MobileRead Forums - View Single Post - Removing unnecessary line breaks in books.

Wintersdark · 08-19-2010, 05:43 PM

Quote:

Originally Posted by kovidgoyal

Doing that will mean he'll lose all character formatting (italics, bold, etc). IIRC the TXT output plugin doesn't preserve those.

This isn't a problem. While character formatting is nice, having readable text at all is nicer.

You're right, it's not all .lit -> .epub, I'd (incorrectly) assumed that as several books I checked all suffered the same problem. Further investigation shows that's not the case - good news!

I tried converting to text and back, but the way it's formatted I basically get each paragraph followed by a pair of CR/LF's. So, converting directly back to epub doesn't help.

However, as it's not every book, I'm just addressing it on a case by case basis with Notepad++ as I go. If I were still running linux, I'd mass convert them all to text and figure out how to script applying the regex replace to them, but I have no idea of how to go about that in windows.

Unfortunately with Notepad++ you cannot use \r\n in regex expressions (who knows why), but you *can* replace (with "extended" searches) all the CRLF pairs with a unique identifier (I used QQQQ) then simply replace all .QQQQ and "QQQQ with \r\n\r\n, then all remaining QQQQ's with spaces.
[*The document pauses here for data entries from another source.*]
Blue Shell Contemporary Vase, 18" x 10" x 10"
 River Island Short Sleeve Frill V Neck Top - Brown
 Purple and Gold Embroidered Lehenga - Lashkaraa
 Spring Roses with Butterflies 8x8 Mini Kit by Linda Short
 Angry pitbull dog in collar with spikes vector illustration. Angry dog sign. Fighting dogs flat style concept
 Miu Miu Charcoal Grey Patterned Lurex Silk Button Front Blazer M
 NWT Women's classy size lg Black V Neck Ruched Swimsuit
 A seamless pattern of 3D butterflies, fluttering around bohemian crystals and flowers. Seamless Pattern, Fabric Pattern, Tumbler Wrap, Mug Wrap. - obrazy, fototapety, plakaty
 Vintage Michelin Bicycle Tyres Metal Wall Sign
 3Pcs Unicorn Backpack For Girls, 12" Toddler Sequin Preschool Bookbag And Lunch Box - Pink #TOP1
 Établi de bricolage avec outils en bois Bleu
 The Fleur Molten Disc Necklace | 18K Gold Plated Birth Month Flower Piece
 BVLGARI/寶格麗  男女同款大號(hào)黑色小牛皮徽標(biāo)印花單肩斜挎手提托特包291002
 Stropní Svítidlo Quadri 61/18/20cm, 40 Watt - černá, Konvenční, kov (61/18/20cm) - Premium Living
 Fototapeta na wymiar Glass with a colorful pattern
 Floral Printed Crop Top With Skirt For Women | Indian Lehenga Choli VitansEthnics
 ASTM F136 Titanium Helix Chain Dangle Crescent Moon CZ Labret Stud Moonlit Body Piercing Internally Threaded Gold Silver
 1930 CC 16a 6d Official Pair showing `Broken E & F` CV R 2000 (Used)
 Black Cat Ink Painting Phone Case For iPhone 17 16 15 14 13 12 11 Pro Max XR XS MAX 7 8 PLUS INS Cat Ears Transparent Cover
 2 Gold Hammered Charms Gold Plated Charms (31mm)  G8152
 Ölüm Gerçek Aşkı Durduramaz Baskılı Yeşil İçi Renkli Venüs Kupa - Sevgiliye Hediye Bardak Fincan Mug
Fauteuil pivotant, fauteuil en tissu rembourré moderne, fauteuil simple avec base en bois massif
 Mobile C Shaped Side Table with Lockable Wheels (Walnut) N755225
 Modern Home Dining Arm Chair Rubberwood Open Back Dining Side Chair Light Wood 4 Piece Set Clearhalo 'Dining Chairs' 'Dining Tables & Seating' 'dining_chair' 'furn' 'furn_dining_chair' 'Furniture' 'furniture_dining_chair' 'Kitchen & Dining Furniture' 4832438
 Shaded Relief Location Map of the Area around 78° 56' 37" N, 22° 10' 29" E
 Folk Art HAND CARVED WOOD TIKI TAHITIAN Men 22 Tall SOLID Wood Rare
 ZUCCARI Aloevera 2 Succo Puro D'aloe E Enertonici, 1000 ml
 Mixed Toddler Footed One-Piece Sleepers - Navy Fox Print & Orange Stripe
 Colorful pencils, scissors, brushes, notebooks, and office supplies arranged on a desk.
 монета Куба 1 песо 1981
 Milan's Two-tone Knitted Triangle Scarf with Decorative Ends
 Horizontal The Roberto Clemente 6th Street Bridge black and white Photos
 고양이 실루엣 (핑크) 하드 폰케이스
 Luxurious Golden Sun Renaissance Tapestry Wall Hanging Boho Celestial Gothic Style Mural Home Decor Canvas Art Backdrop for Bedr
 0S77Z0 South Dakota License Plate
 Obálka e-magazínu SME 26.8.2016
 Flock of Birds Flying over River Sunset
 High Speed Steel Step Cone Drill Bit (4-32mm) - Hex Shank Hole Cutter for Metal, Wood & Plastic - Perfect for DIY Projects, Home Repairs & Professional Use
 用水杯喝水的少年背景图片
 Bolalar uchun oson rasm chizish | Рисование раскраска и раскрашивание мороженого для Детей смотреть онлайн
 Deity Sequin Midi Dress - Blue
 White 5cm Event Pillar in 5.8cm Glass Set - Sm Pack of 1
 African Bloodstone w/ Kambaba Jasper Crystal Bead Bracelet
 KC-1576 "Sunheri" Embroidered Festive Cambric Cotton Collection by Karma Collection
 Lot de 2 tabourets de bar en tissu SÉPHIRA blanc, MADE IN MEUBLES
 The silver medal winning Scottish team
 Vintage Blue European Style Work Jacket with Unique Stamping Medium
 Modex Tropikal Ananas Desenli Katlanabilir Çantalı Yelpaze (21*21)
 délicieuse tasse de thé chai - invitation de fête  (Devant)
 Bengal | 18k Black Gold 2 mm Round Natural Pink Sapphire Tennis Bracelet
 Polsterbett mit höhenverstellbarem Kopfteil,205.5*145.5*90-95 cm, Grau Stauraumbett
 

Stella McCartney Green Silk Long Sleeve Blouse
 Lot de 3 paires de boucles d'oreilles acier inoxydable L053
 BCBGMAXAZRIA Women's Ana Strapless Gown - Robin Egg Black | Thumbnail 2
It's sort of a pain in the ass to have to do it one at a time, but it works at least.

If anyone knows a better tool to do this with - one that can macro the operations; or apply a regex directly, or better yet be applied in bulk, in windows, with a minimum of hassle for one not used to dealing with these things, I'd love to hear about it. But, even if not, this does work.

As a feature request for Calibre I'd definitely like to see, for this and other formatting issues, the ability to apply a regex directly in the conversion options (or some such easily accessible place). It would really help people cleaning up poor source material when converting to their ereader format of choice.